TRY IT. Set down, word for word, every line of the material below from the one containing "Ansonia Royal Bonn" through the one containing "USB3.0ハブ/コンパクト/バスパワー/4ポート/シルバー", but none of its pictures.

SUPPLIED INFORMATION.

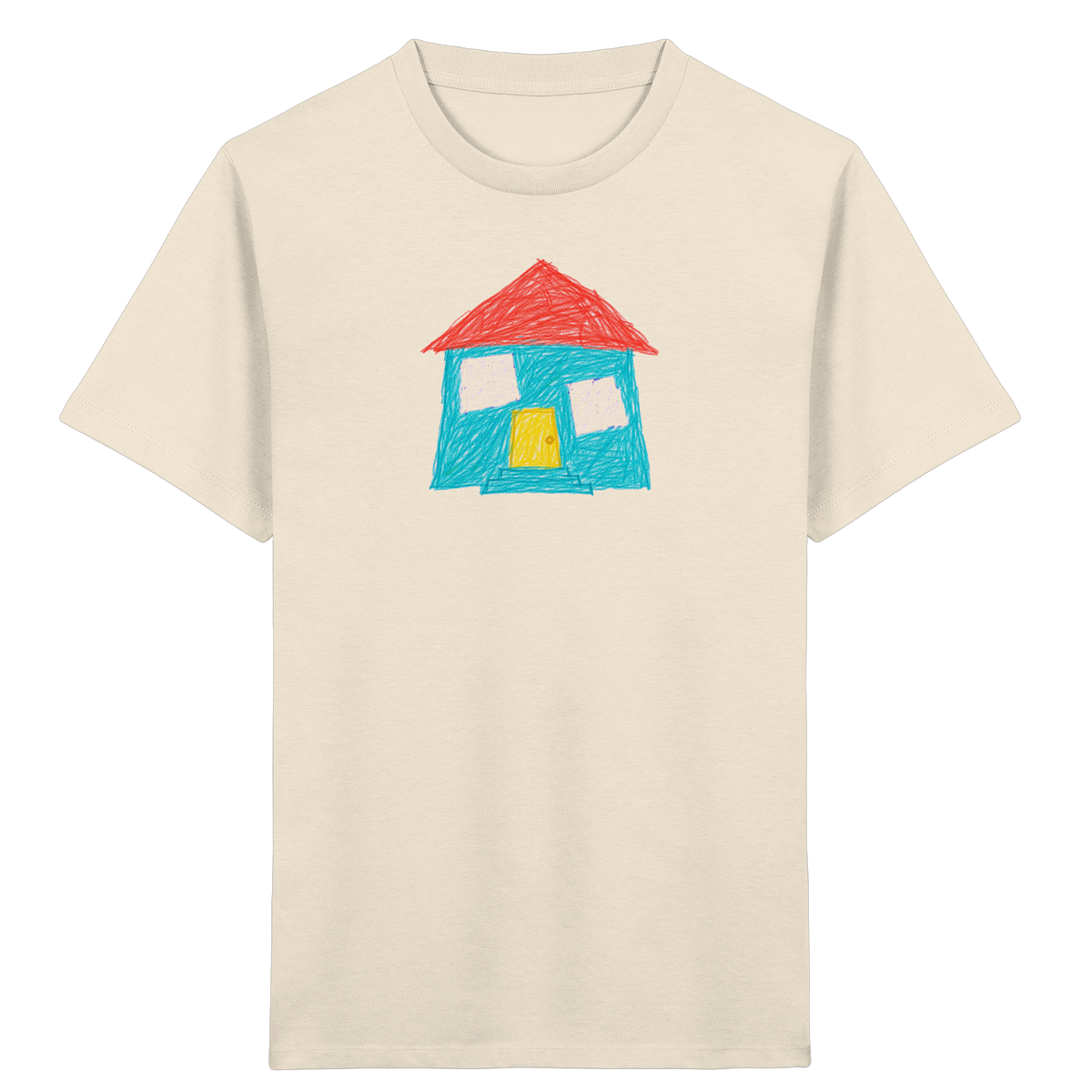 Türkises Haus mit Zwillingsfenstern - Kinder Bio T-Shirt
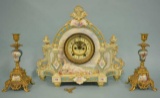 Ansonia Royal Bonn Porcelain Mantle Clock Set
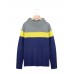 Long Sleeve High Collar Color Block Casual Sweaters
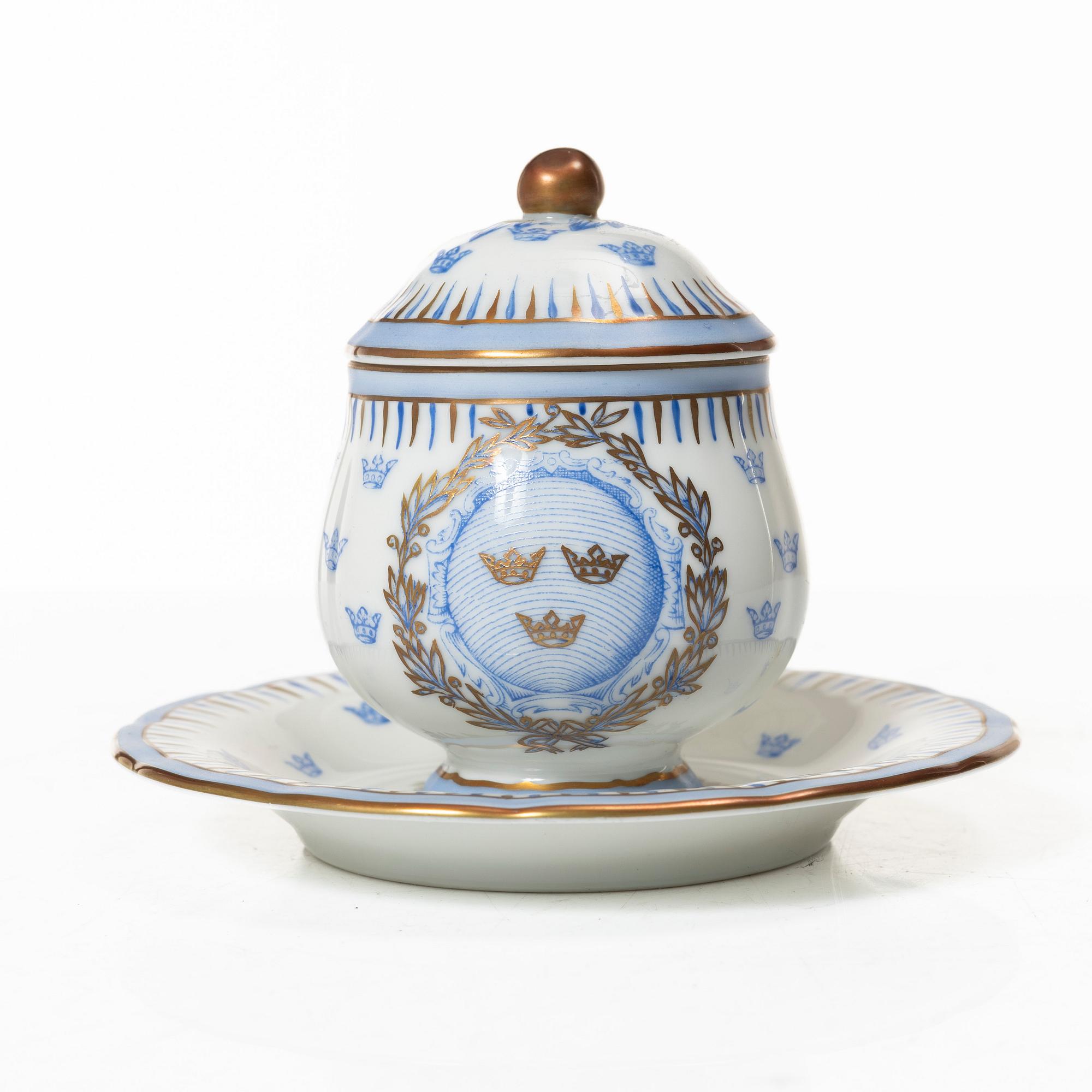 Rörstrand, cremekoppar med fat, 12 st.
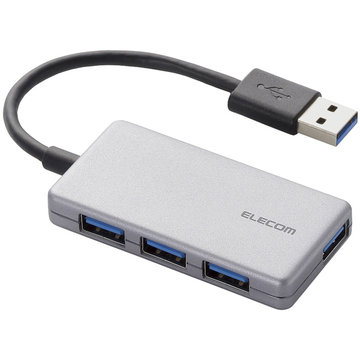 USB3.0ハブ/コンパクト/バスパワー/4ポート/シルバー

==

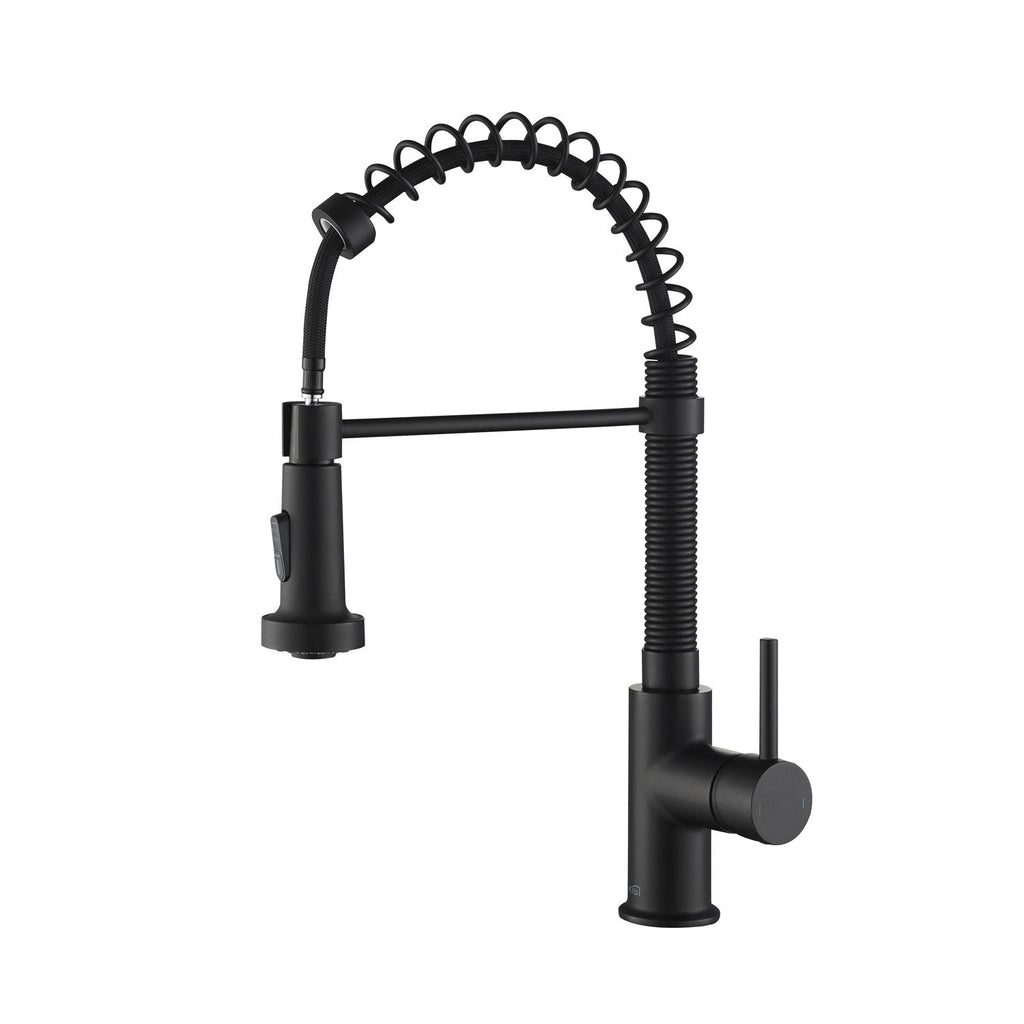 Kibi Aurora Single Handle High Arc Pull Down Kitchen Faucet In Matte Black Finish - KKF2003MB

* * *

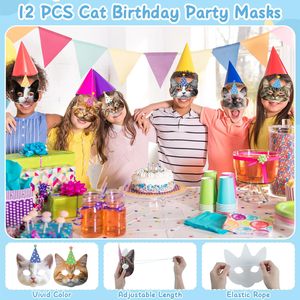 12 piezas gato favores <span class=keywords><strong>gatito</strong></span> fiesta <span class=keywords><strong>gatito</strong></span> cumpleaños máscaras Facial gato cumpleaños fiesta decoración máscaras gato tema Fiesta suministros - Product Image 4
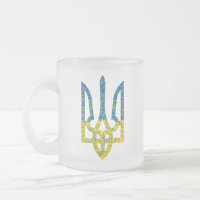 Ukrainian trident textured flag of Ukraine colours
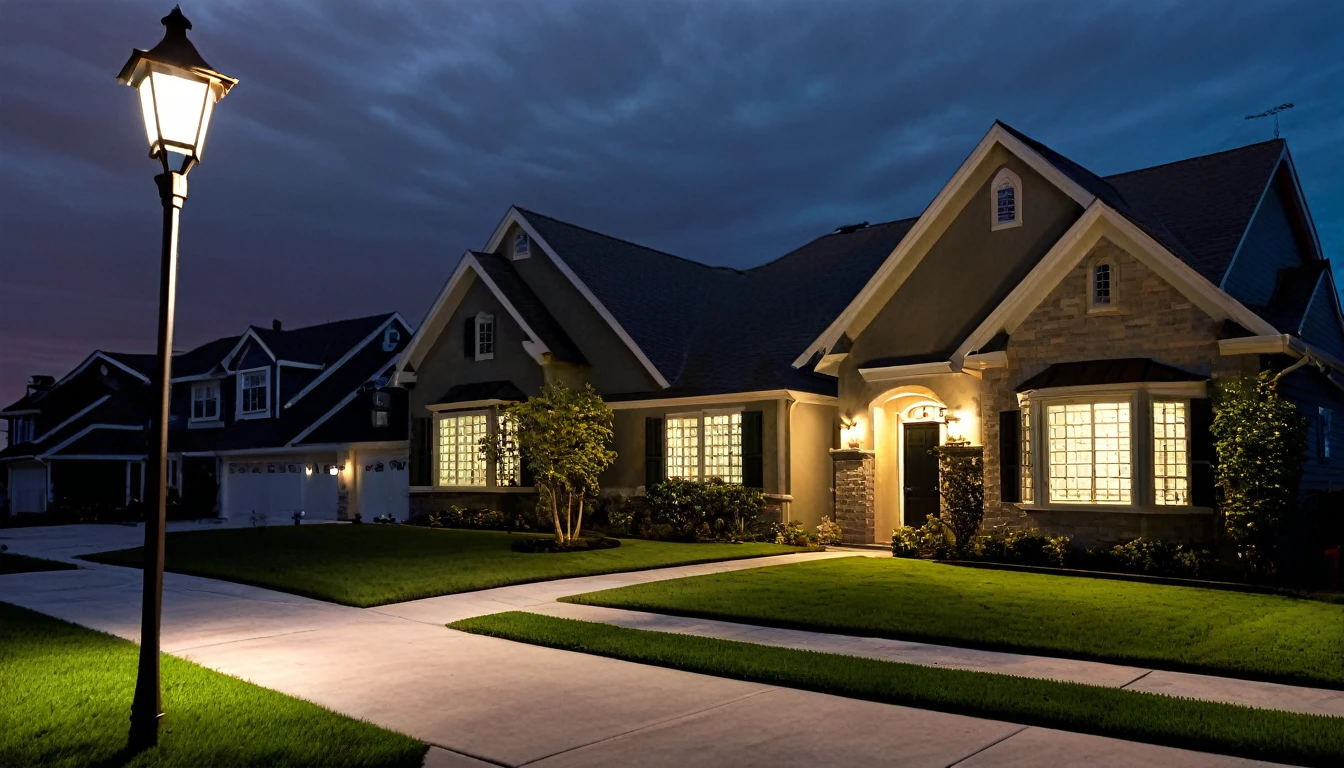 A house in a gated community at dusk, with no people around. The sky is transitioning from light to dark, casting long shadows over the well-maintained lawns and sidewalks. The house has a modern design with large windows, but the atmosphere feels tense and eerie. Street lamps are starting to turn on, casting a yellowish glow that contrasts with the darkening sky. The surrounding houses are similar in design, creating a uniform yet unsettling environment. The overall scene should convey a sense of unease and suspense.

EXERCISE ANSWER.
 Ansonia Royal Bonn Porcelain Mantle Clock Set
 Long Sleeve High Collar Color Block Casual Sweaters
 Rörstrand, cremekoppar med fat, 12 st.
 USB3.0ハブ/コンパクト/バスパワー/4ポート/シルバー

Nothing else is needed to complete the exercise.